Intelligence officials who have reviewed the trove of documents captured with the killing of al-Qaeda leader Osama bin-Laden have finished their analysis, and report a chilling vision the terrorist group had for America.
“They had a truly insidious plan to subvert all types of American institutions, by choking off resources rather than physically attacking locations,” said a source close to the studies. “Some of it sounds vaguely familiar, but I’m not sure where I’ve heard it before.”
“I’m just glad we stopped bin-Laden and his fanatical followers before they could carry out such a sinister plot,” the source continued. “Had they succeeded with these forays, it could’ve meant the collapse of the nation.”
Most of the al-Qaeda leadership had reportedly signed on to a “pledge” that they would never stray from their commitment to destroy the American way of life.
“As my political views evolved, I saw that destruction of the West was not really the right course we should take,” said Sayed al-Masrah, one of bin-Laden underlings captured during the May 2 raid. “But I signed the pledge so there was no turning back. Death to America! What else can I say?”
Part of the pledge demanded that funding of government agencies be slashed or eliminated entirely, hobbling the nation’s institutions and infrastructure and throwing tens of thousand of people out of work.
“Teachers, policemen, firemen, the judicial system, all must be strangled off so that even the most basic services can no longer be provided,” read one part of the manifesto. “Once Americans lose trust that their government can help them, we move right in and take over.”
The documents saved some of their harshest language for the American educational system.
“Fat-cat teachers get off at 3 every day and have the whole summer off to sit around and live off their $30,000-a-year salaries,” read the document. “We propose cutting funding of schools by at least half. Girls don’t need to go to school anyway.”
The Islamists proposed that a state religion be established, and that such an institution could then be used to crack down on “what some call freedom and liberty, but what we know is cultural decay and ungodly behavior.”
“There will be no more revealing clothing, no more provocative writings, no violent movies nor sexy TV shows nor popular music that makes people want to shake their thangs,” said the manifesto. “We demand rigid adherence to our ultraconservative view of morality.”
Sleeper cells would produce politicians who were doctrinaire in their beliefs, unwilling to compromise with those who disagree with them. The ensuing gridlock would prevent legislatures at both the state and national level from addressing the country’s problems.
“We can clog up the process with all kinds of radical proposals that’ll never pass,” the document read. “We can press for constitutional amendments that have no chance of succeeding. For example, ‘Congress shall make no law’ would be a good one.”
With the death of bin-Laden, two lieutenants have emerged as potential successors to the man who inspired the worldwide fundamentalist movement. But a power struggle appears to be taking place between the two, both of whom have shortcomings the other side is trying to exploit.

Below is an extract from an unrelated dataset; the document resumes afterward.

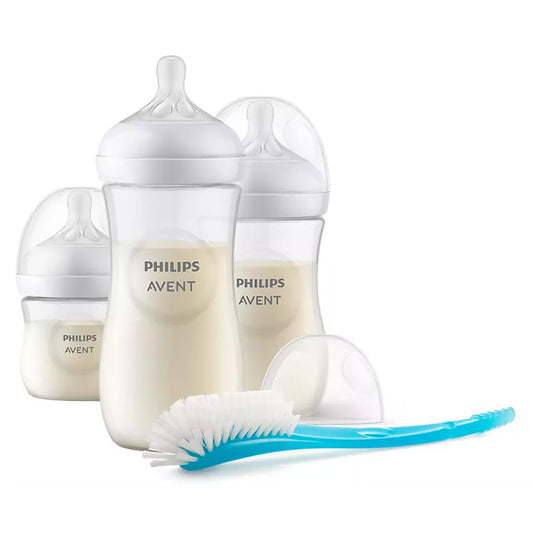 Coffret Philips Avent Natural Response avec biberons 125 ml 260 ml 330 ml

Shaheed Azrah, former head of a northeast Afghan province, appears to be the front-runner. He is extremely well-funded, but carries the political baggage of having supported a law that provided affordable health care for his constituents.

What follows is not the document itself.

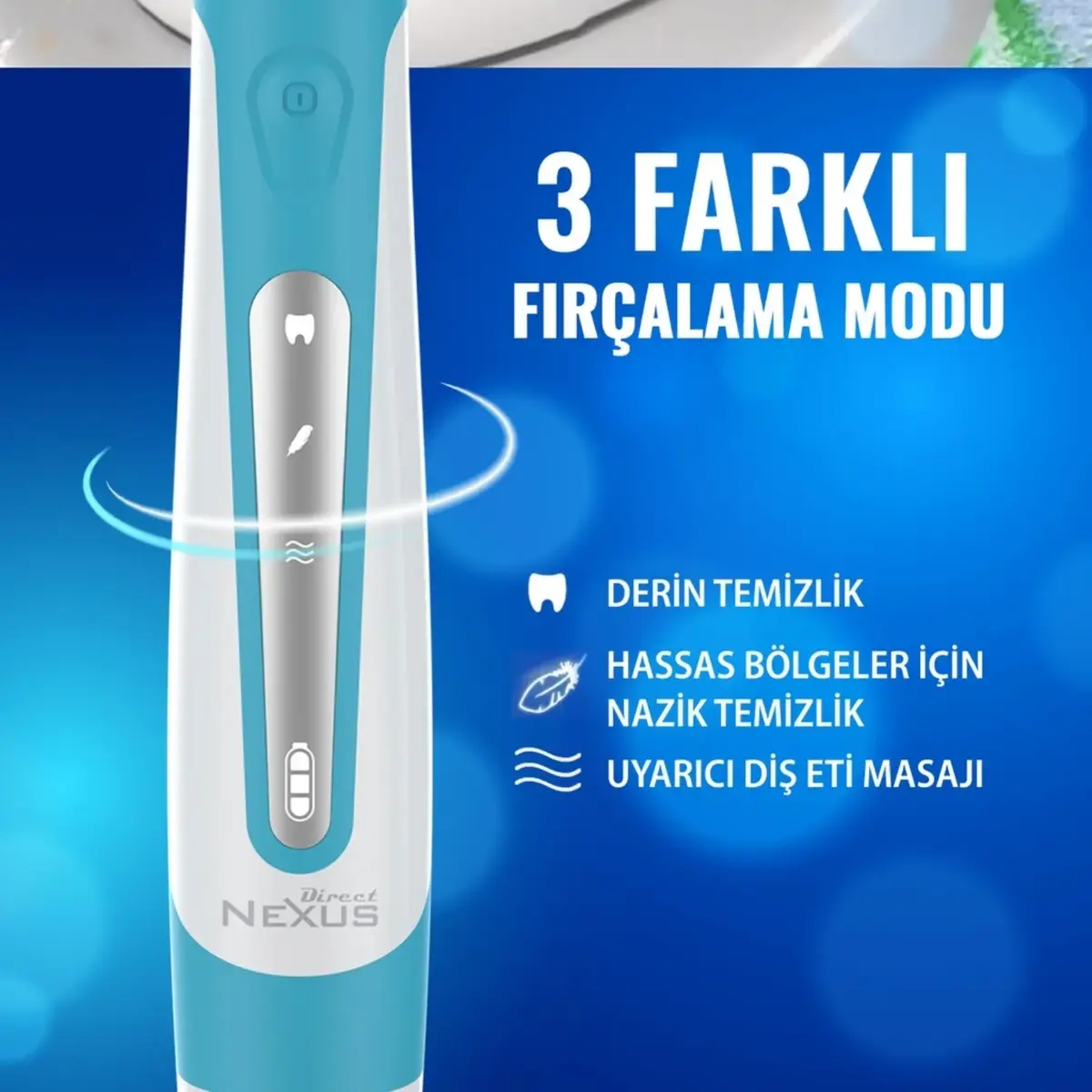 Direct Nexus Elektrikli Diş Fırçası Pro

“That kind of compassion is almost political suicide,” said Arthur Boyle, an analyst of Middle Eastern affairs from George Washington University. “He’s going to have to explain to his fellow terrorists why he thought there was the concept of a ‘common good’ that government could help support.”

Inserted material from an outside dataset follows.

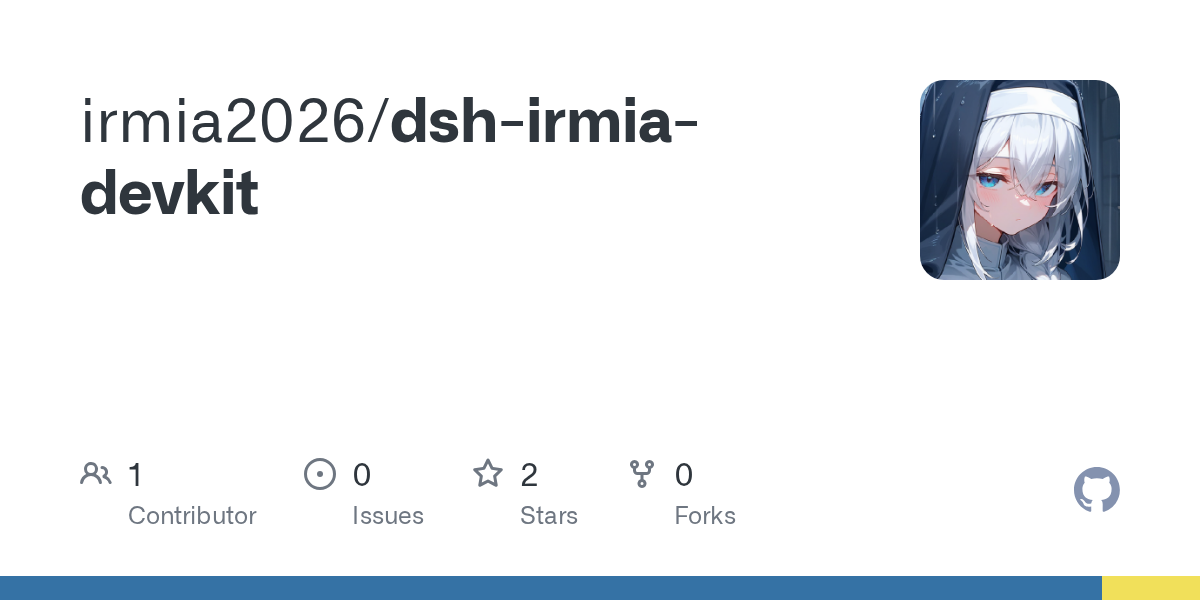 irmia2026/dsh-irmia-devkit Screenshot preview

The other leading contender, a parliamentarian from the upper Midwest of Pakistan, is garnering a lot of support among conservatives with her opposition to homosexuality and abortion, and her position advocating that all citizens have a gun, and should use it frequently to suppress the infidels.
“But she’s had these migraine headaches that can put her out of action for several days,” said Boyle. “She has to go lie down in a dark, quiet cave until the demons in her head stop yelling at her.”
A dark horse candidate appears to be emerging from the southern wastelands of Yemen. Misrik al-Peri grabbed attention among jihadists when he said America could see some of its states start seceding from the union. But he hasn’t yet made a formal declaration, and many are wary of the fact that the last al-Qaeda leader also came from southern Yemen.
Documents showed that some discussions were held among high-ranking officials in the terrorist group that an effort be made to get the U.S. to renege on its debt obligations, thus jeopardizing capitalism on a global scale. But this plan was scrapped when sleeper operatives thought such an attempt would be “going too far.”
“Even the lowly goatherd will return items he has borrowed from his neighbors,” said one paper. “We are a primitive but proud people, and we must honor our word.”